Maine State Museum Director Bernard Fishman will showcase century-old stereoviews of iconic Egyptian landscapes in a unique 3-D presentation set for 6 p.m. Thursday, Feb. 22, at the Maine State Museum, 230 State St., Augusta.

Those who attend will be guided through the landscapes and temples of Egypt with an Egyptologist and historian.

Egypt is an exotic place, a place where mummies, temples and the landscape are almost surreal. Those who have traveled to Egypt have experienced its awe. Still, for many, Egypt is on the list of places to explore; a distant and enchanting land full of mysteries and more to uncover.

For thousands of years, Egypt has attracted explorers and adventurers who have traveled to experience its wonders with their own eyes. For a generation or two after the invention of photography in 1839 a few bold, pioneering photographers carried cumbersome equipment to Egypt. They took pictures of tombs and temples, natives and mummies, and the large and threatening crocodiles. The photographers brought these images back to Europe and the U.S., to be enjoyed in gas-lit parlors by armchair voyagers unable to make the long and expensive, and at times, dangerous journey before the days of travel agencies and tourist hotels. Most of these Egyptian photographs were taken in the form of stereoviews, the main commercial method of the day for distributing photographic views to a wide public. Stereoviews, produced on cards, or on glass for luxury examples, have two photographic images that allow the viewer to see 3-D images when observed through 3-D viewing glasses.

Those who attend will be supplied with complimentary 3-D viewing glasses as Fishman narrates and presents more than 60 images of Egypt’s most notable and iconic temples and landscapes.

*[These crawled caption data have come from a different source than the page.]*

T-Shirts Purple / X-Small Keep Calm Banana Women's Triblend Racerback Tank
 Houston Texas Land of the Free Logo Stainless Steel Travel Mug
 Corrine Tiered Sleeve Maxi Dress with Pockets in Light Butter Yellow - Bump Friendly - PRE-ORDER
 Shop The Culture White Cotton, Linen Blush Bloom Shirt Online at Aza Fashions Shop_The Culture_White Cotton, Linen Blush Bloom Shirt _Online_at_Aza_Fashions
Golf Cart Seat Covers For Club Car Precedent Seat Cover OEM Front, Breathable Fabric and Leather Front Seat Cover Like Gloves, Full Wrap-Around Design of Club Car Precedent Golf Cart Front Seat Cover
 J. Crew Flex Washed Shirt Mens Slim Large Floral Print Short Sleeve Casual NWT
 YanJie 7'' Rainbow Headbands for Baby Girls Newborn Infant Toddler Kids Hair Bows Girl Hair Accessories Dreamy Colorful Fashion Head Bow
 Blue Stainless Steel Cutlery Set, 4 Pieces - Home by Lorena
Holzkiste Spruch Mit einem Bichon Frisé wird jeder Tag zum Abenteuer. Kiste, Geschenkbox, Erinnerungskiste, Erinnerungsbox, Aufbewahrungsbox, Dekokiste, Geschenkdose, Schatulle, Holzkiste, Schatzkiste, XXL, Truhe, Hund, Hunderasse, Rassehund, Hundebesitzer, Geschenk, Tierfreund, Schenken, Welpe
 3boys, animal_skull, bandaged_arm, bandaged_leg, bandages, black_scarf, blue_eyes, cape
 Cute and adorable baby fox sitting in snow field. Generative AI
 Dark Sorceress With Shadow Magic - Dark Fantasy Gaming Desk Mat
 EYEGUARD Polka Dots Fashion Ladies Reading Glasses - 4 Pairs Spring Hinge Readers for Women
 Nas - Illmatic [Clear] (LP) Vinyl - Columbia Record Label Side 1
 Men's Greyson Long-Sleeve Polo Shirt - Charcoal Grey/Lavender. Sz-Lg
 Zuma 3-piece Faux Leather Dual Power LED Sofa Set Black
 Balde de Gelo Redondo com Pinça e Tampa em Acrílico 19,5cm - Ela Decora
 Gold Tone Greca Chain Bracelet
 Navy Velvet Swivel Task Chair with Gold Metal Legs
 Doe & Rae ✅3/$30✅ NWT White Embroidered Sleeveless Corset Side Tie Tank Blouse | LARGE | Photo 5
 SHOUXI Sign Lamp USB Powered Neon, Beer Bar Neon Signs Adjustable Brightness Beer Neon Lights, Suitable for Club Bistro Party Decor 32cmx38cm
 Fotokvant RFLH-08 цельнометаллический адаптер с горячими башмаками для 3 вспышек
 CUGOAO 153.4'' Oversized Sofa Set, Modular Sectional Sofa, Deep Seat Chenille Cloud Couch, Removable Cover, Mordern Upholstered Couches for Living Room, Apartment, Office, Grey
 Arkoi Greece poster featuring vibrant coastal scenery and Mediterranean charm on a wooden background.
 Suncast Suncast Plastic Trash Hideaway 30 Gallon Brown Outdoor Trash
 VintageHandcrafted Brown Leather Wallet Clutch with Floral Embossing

In the early 1980s, Fishman worked for the Oriental Institute of the University of Chicago, where he spent three years in Luxor, Egypt, working as an archaeologist and as an epigrapher (a specialist in ancient inscriptions). Fishman may have long since left Egypt, but Egypt has never left him, and one of the ways he has sustained his connection with that ancient civilization has been by amassing one of the largest collections of early photographs of Egypt in private hands.